• [Supplied data]:

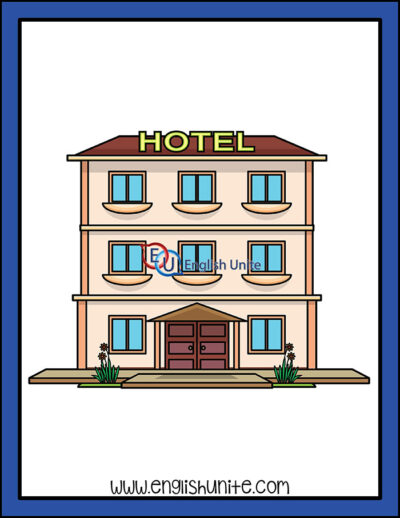 clip art - hotel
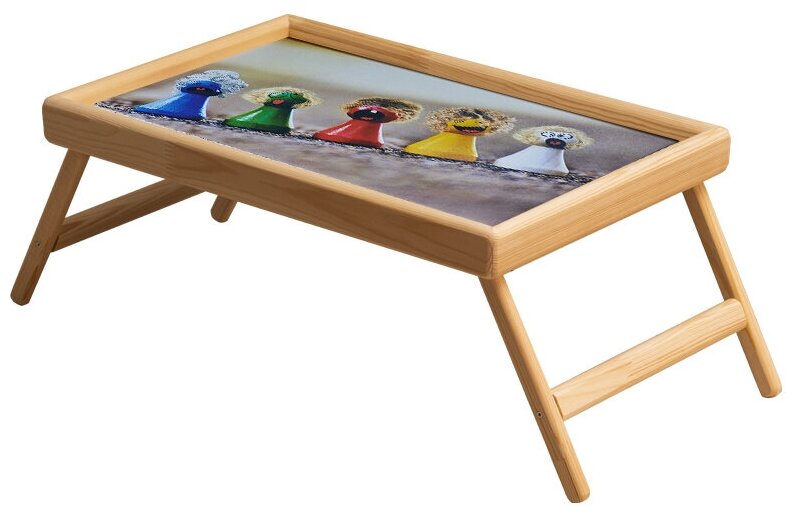 фото Столик-поднос для завтрака П23, Шахматы с настроением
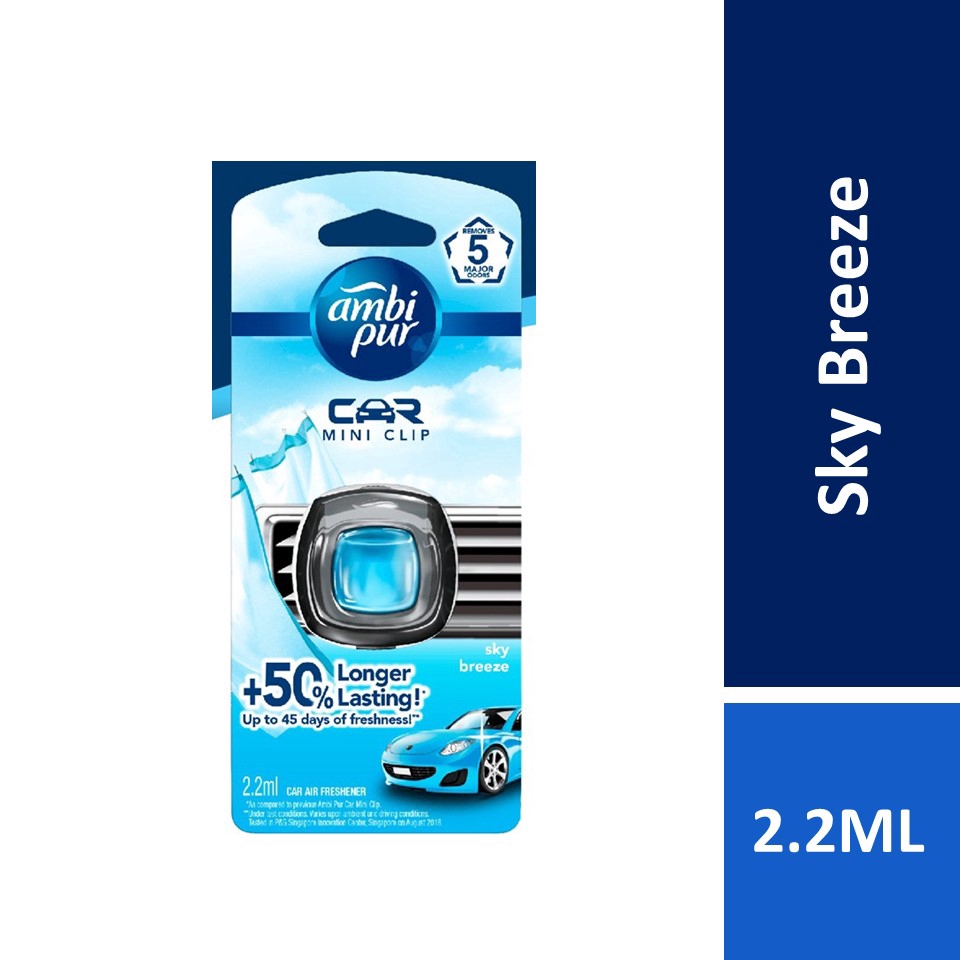 Ambi Pur Mini Clip Car Air Freshener Sky Breeze 2.2ml Shopee Malaysia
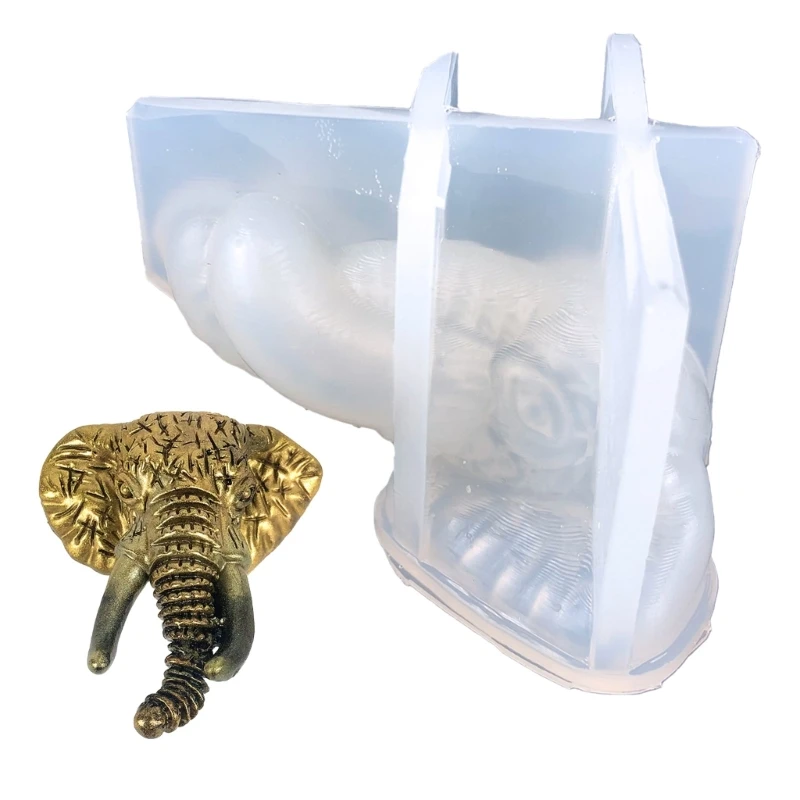 3D Elephant Silicone Mold Aromatherapies Soap Making Mould Chocolate Candy Decorating Tool Supply Dropsale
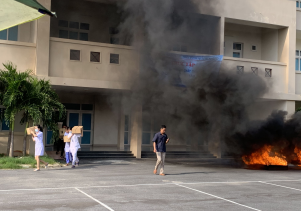 Tập huấn nghiệp vụ phòng cháy, chữa cháy tại Bệnh viện Sản-Nhi năm 2019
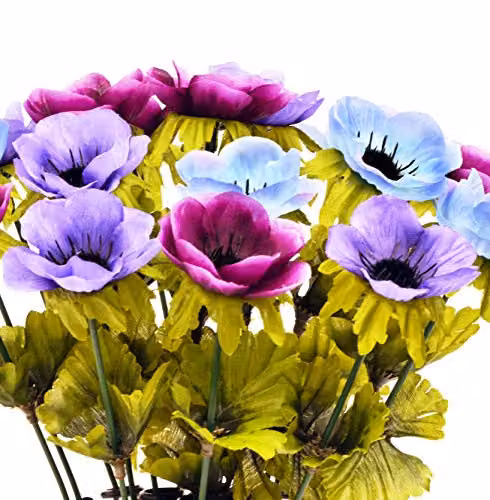 Sincere Floral Artificial Rose Memorial Graveside Bowl in Purple and Multicolour – 2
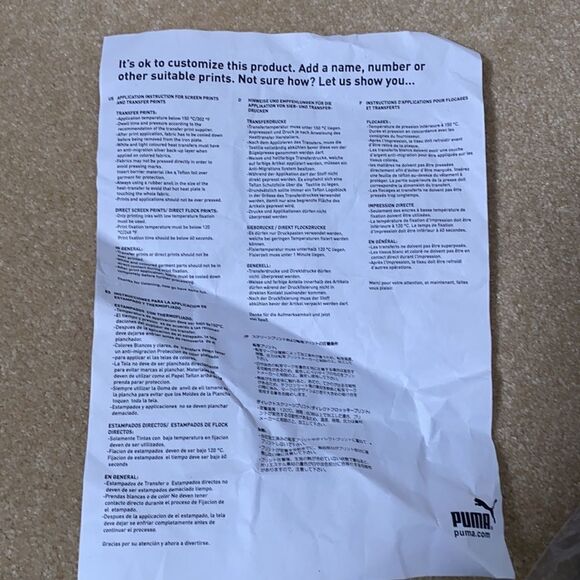 Puma Purple Girls Shirt/Shorts Set Size L NWT - Picture 11 of 12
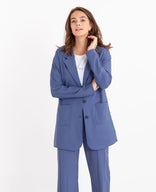 Je m'appelle Jassen Blazer Straight Travel | Marlin Blue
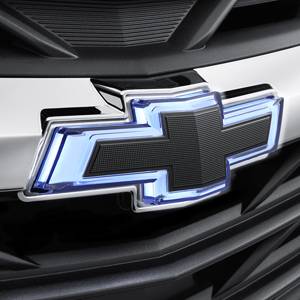 GM Accessories - GM Accessories 84311420 - Front Illuminated and Rear Non-Illuminated Bowtie Emblems in Black For Hatchback Models [Cruze]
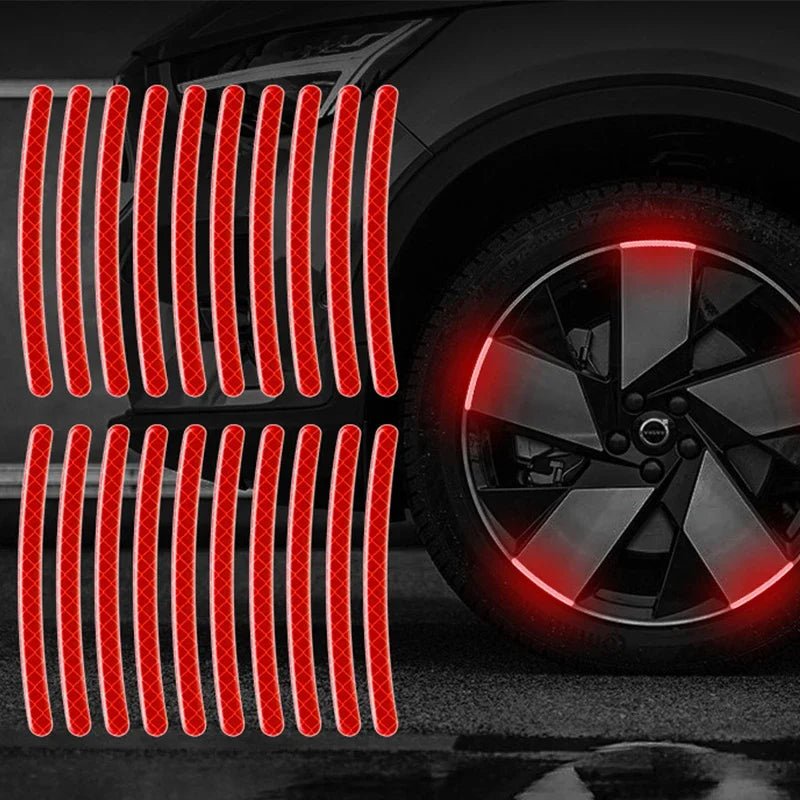 Car Motorcycle Wheel Reflective Strips Colourful - Autoxmatch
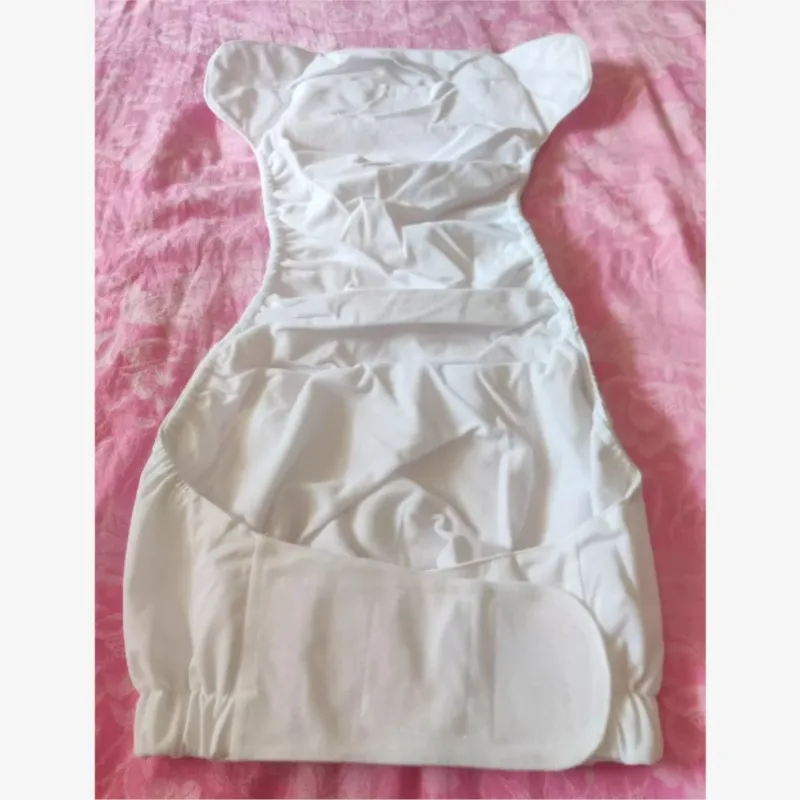 Adult ABDL Leak Proof Diaper Cover Washable Reusable Diapers Panties Velcro Adjustable Waist Breathable Soft Plus Size Nappies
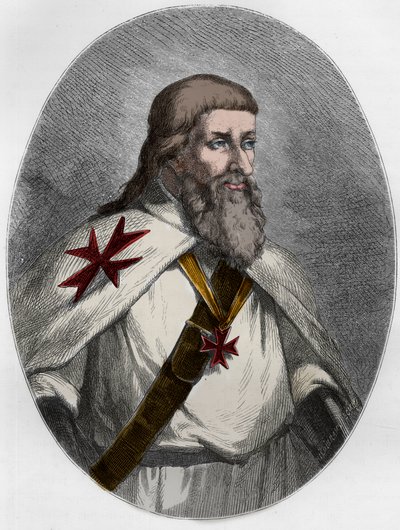 Portrét Jamese z Molay od Unbekannt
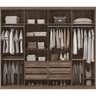 Guarda Roupa Casal 8 Portas 6 Gavetas 100% MDF Ele & Ela Santos Andirá - 2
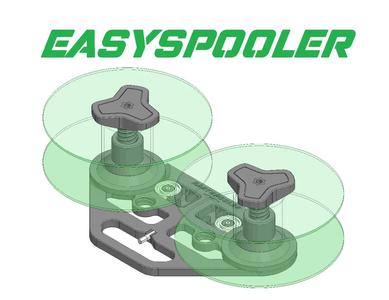 EASYSPOOLER filament respooling tool   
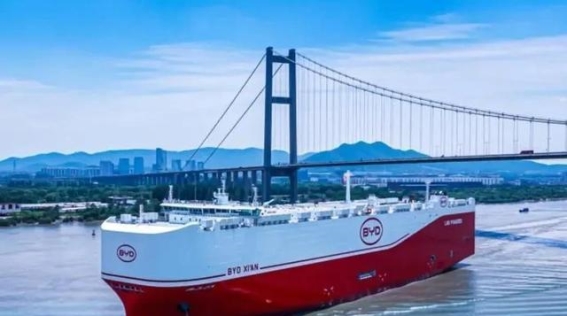 比亚迪“西安号”与“长沙号”的启航：绿色航运与全球化布局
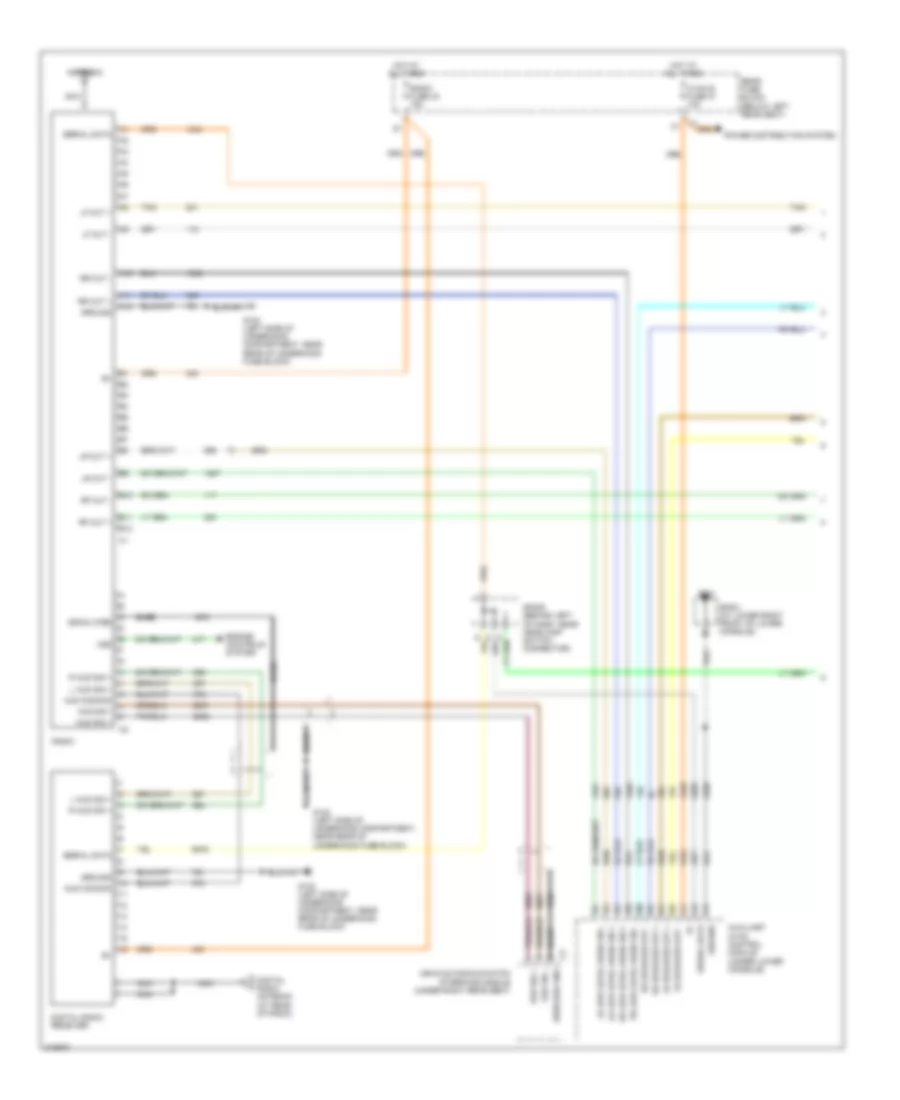 Base Radio Wiring Diagram with Rear Seat Audio 1 of 2 for Saab 9 7X Arc 2005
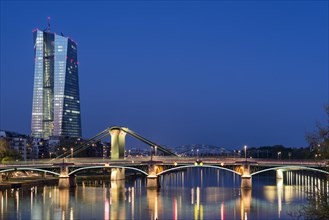 New European Central Bank at dusk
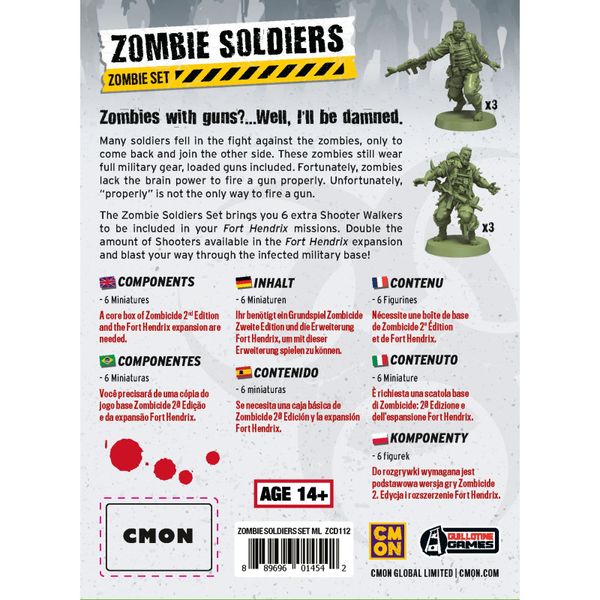 Zombicide 2ed: Zombie Soldiers 1328143 фото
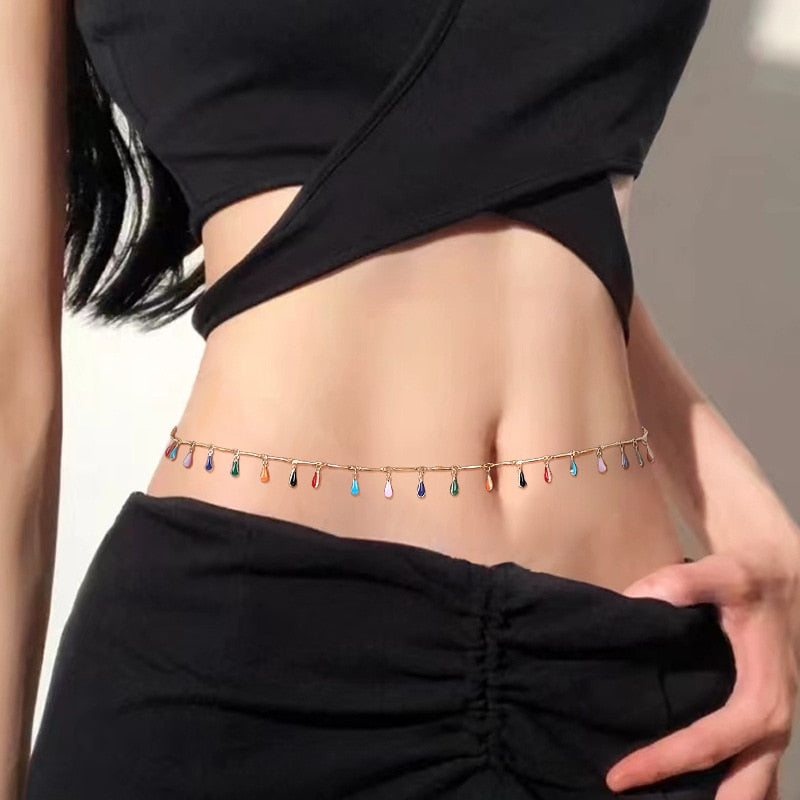 Siren's Serenade Waist Chain Body Jewelry Sunset and Swim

• [What this task involves]:
Everything above except the pictures must be restated exactly.

• [Task output]:
 clip art - hotel
 фото Столик-поднос для завтрака П23, Шахматы с настроением
 Ambi Pur Mini Clip Car Air Freshener Sky Breeze 2.2ml Shopee Malaysia
 3D Elephant Silicone Mold Aromatherapies Soap Making Mould Chocolate Candy Decorating Tool Supply Dropsale
 Tập huấn nghiệp vụ phòng cháy, chữa cháy tại Bệnh viện Sản-Nhi năm 2019
 Sincere Floral Artificial Rose Memorial Graveside Bowl in Purple and Multicolour – 2
 Puma Purple Girls Shirt/Shorts Set Size L NWT - Picture 11 of 12
 Je m'appelle Jassen Blazer Straight Travel | Marlin Blue
 GM Accessories - GM Accessories 84311420 - Front Illuminated and Rear Non-Illuminated Bowtie Emblems in Black For Hatchback Models [Cruze]
 Car Motorcycle Wheel Reflective Strips Colourful - Autoxmatch
 Adult ABDL Leak Proof Diaper Cover Washable Reusable Diapers Panties Velcro Adjustable Waist Breathable Soft Plus Size Nappies
 Portrét Jamese z Molay od Unbekannt
 Guarda Roupa Casal 8 Portas 6 Gavetas 100% MDF Ele & Ela Santos Andirá - 2
 EASYSPOOLER filament respooling tool   
 比亚迪“西安号”与“长沙号”的启航：绿色航运与全球化布局
 Base Radio Wiring Diagram with Rear Seat Audio 1 of 2 for Saab 9 7X Arc 2005
 New European Central Bank at dusk
 Zombicide 2ed: Zombie Soldiers 1328143 фото
 Siren's Serenade Waist Chain Body Jewelry Sunset and Swim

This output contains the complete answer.